“All models are wrong, but some are useful.”
― attributed to statistician George Box
This quote pretty well sums up time series forecasting models.
Any given model is unlikely to be spot on. And some can be wildly off.
But through a careful methodical process, we can whittle the pool of candidate models down to a set of useful models, if not a single preferred model.
When all is said and done, though, our guiding principle when building forecasting models is…how well the model predicts!
In practice, what this means for the types of models we consider is that we don’t rule anything out.
Yes, we have specific things we look for in an acceptable model (which we will cover later). But we don’t rule out a simple TIME trend model simply because it is too “simple.”

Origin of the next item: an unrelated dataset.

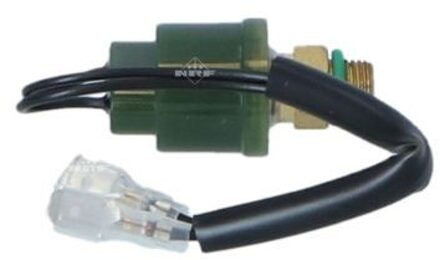 Mercedes Benz Drukschakelaar, airconditioning 38907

Our focus is on finding a forecasting model that can yield defensible short-run forecasts in a cost-effective manner.
Potentially useful models
So what kind of models do we typically examine?

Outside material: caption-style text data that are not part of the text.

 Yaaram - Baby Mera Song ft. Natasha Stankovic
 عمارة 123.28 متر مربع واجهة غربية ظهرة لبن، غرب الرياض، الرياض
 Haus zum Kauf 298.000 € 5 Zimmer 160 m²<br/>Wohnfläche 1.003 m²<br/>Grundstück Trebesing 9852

As discussed in a previous article, a time series such as monthly sales (SALES) can have 3 components: trend, seasonal and cyclical. So, the type of model we consider depends on the extent to which 1, 2 or all 3 of these dynamics are present.
There are 3 classes of models that we typically consider. We will use a bit of math here to describe these models…think back to the formula of a line you learned in algebra: Y = a + bX.
First are least squares regression models. Using SALES as our example, we could have a TIME trend model with, say, quarterly seasonality if we were examining SALES by quarter:
SALESt = b0 + b1*TIME + b2*Q1 + b3*Q2 + b4*Q3 + εt
Or a lagged least squares model with quarterly seasonality:
SALESt = b0 + b1*SALESt-1 + b2*SALESt-2 + b3*Q1 + b4*Q2 +b5*Q3 +εt
In these model formulae, b0 is the “intercept.” b1, b2,…etc. indicate the incremental effect (i.e. slope) on sales of a change in the value of a “right hand side” variable. εt is “residual” SALES, what is left “unexplained” by the model. And t is the time period, whether it is months, quarters, years, etc.
The second class of models are ARMA models.
An ARMA process models SALES as being based on past SALES as well as on unobservable shocks to SALES over time. Such models can include two types of components:
An autoregressive (AR) component captures the effect of past SALES on current SALES while a moving average (MA) component captures random shocks to the SALES series. These are typically estimated using a maximum likelihood technique.
We could have a model that is a pure ARMA model, for example:
SALESt = b0 + b1*AR(1) + b2*AR(2) + b3*MA(1) +εt
Or a mixed regression-ARMA model, sometimes called “regression with ARMA errors,” like this:
SALESt = b0 + b1*TIME + b2*Q1 + b3*Q2 + b4*Q3 + b4*AR(1) + b5*MA(1) +εt
A third class of models is related to the ARMA models above: ARIMA. According to standard Box-Jenkins methodology, if you know the underlying trend in SALES is “stochastic” (i.e. random), remove it by differencing SALES. Then model the differenced series as an ARMA process. For example:
SALESt – SALESt-1 = b0 + b1*AR(1) + b2*MA(1) + b3*MA(2) +εt
However, “it is sometimes very difficult to decide whether trend is best modeled as deterministic or stochastic, and the decision is an important part of the science – and art – of building forecasting models.” (Diebold, Elements of Forecasting, 1998)
We will revisit this issue in a later article.
In addition to these 3 general classes of models we typically also try these variations:
- ARCH/GARCH models.
These models address heteroscedasticity in the residuals (εt). ARCH/GARCH models are used in the financial arena to help model return and risk where market volatility can fluctuate in a predictable manner.
- Inclusion of additional “right hand side variables.”
In the case of least squares and mixed regression-ARMA models, if the data are available, we often consider whether additional variables will improve predictive accuracy. In the case of SALES, for example, we could consider adding lagged values of advertising spending (AD SPEND). But if we are tasked with forecasting out 6 months, for example, then we cannot use lags of AD SPEND (in this example) shorter than 5 months. Else we would also have to forecast AD SPEND.
For example, using the natural log of SALES can help model non-linear trends and/or dampen variation in SALES over time which may help to improve predictive accuracy.
There are many “specifications,” many potentially useful models that we estimate.
But not all end up in a final “pool” of candidates for the forecasting model. Each estimated model must pass certain tests to stay in the candidate pool.
In a later article we will cover the tests we use to help whittle down the pool of candidates to a set of truly useful models.